[Opening Task material section]
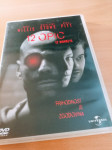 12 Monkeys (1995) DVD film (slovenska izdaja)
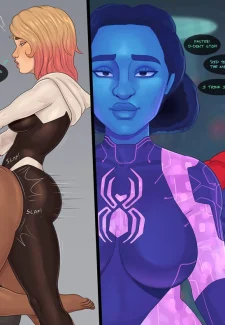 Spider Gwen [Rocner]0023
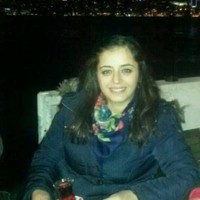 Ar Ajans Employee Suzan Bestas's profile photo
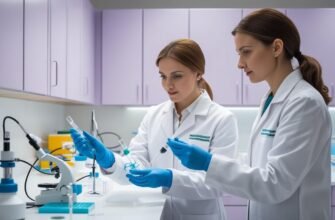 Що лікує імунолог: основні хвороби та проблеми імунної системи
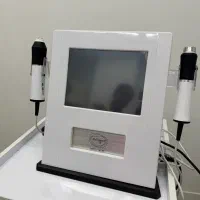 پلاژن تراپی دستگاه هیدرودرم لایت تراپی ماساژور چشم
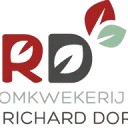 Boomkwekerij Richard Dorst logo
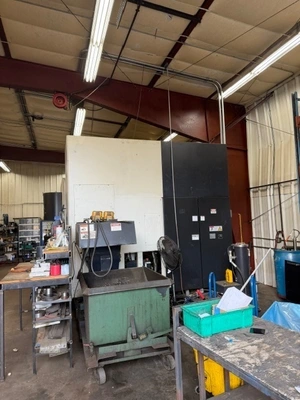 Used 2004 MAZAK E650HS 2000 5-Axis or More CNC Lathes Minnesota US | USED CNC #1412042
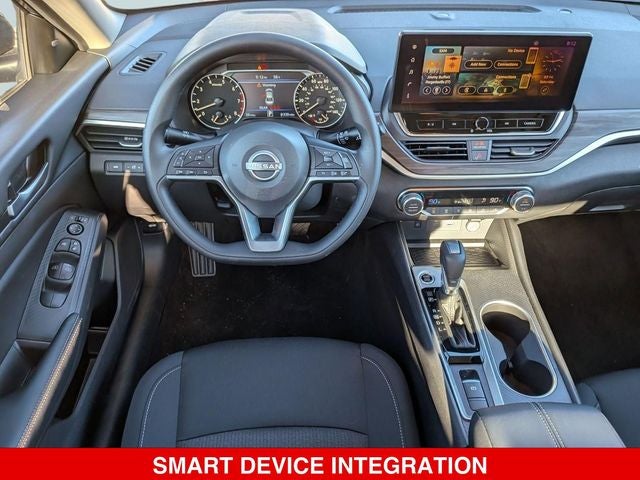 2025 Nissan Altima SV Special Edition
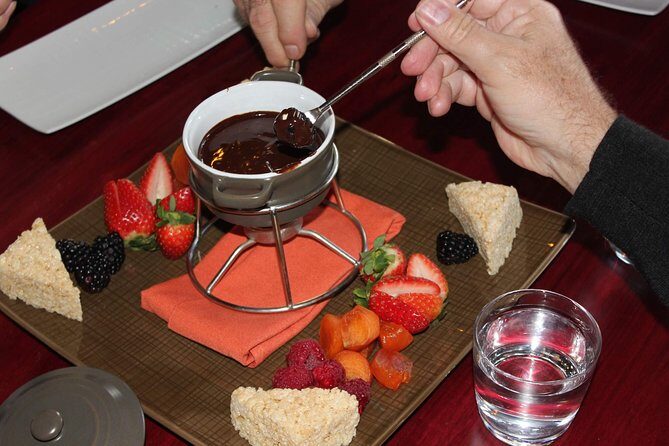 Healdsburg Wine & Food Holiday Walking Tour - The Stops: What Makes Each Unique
[Closing Task material section]
[Opening Task material section]
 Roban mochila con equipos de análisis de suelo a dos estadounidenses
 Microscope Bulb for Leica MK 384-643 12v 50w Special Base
[Closing Task material section]
*Exercise directions*. From the records above, output only the lines starting at the one containing "12 Monkeys (1995)" and ending at the one containing "Healdsburg Wine &", word for word. Pictures stay out.

*Answer area*.
 12 Monkeys (1995) DVD film (slovenska izdaja)
 Spider Gwen [Rocner]0023
 Ar Ajans Employee Suzan Bestas's profile photo
 Що лікує імунолог: основні хвороби та проблеми імунної системи
 پلاژن تراپی دستگاه هیدرودرم لایت تراپی ماساژور چشم
 Boomkwekerij Richard Dorst logo
 Used 2004 MAZAK E650HS 2000 5-Axis or More CNC Lathes Minnesota US | USED CNC #1412042
 2025 Nissan Altima SV Special Edition
 Healdsburg Wine & Food Holiday Walking Tour - The Stops: What Makes Each Unique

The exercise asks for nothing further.